DATASET EXTRACT:
== Segment start ==

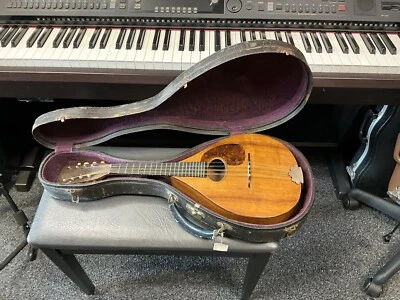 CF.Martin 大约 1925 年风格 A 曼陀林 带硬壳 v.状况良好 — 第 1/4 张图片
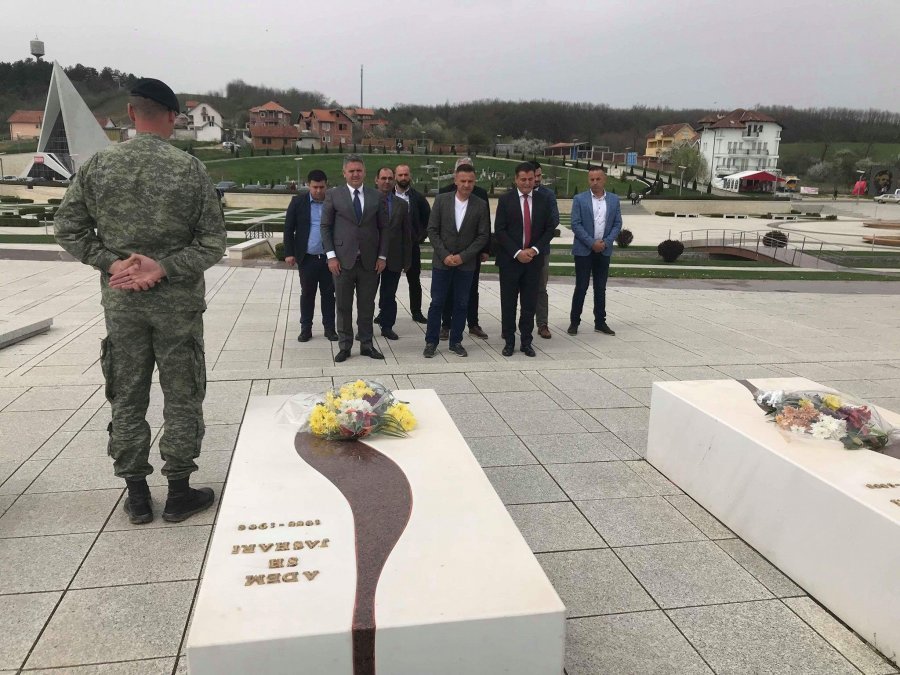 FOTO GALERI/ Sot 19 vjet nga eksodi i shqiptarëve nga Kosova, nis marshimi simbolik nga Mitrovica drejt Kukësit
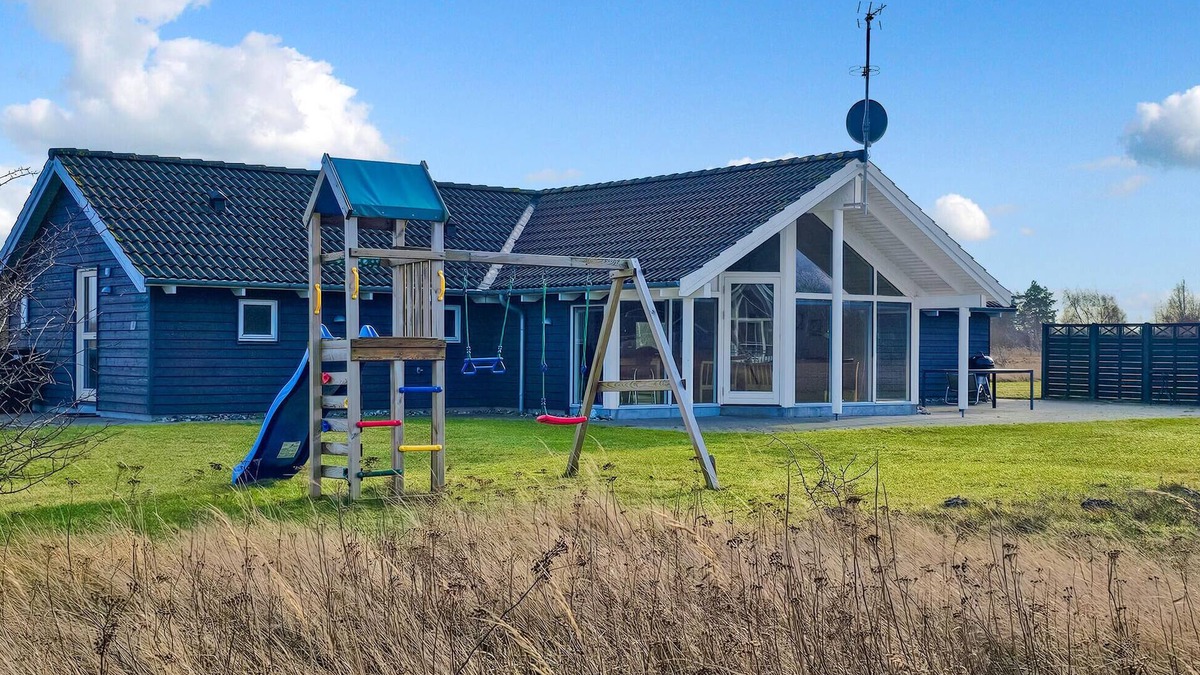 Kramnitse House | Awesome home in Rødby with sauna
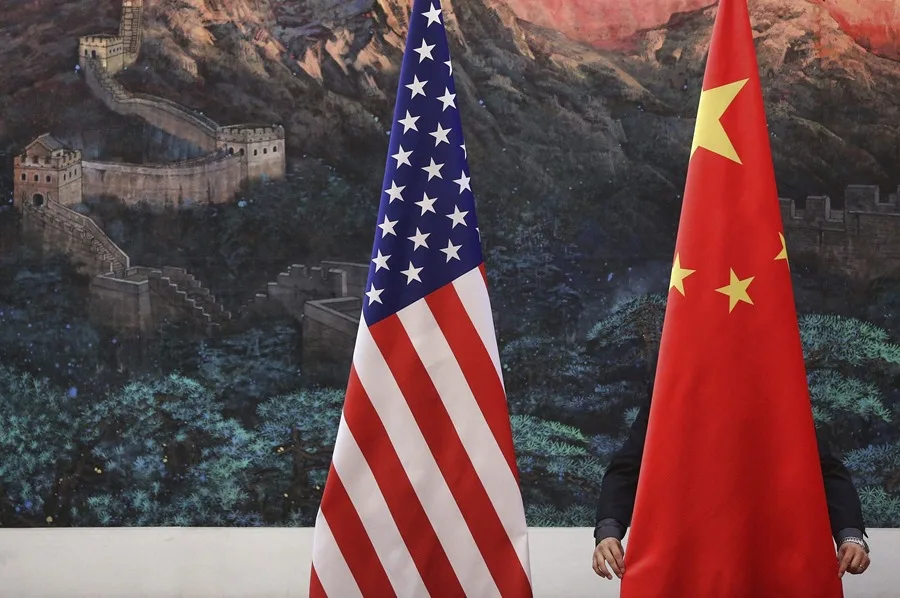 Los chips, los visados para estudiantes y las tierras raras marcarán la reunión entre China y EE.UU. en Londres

== Segment end ==

THE PROBLEM: Would you copy all of the data exactly? Keep the pictures out of it.

RESULT OF THE TASK:
 CF.Martin 大约 1925 年风格 A 曼陀林 带硬壳 v.状况良好 — 第 1/4 张图片
 FOTO GALERI/ Sot 19 vjet nga eksodi i shqiptarëve nga Kosova, nis marshimi simbolik nga Mitrovica drejt Kukësit
 Kramnitse House | Awesome home in Rødby with sauna
 Los chips, los visados para estudiantes y las tierras raras marcarán la reunión entre China y EE.UU. en Londres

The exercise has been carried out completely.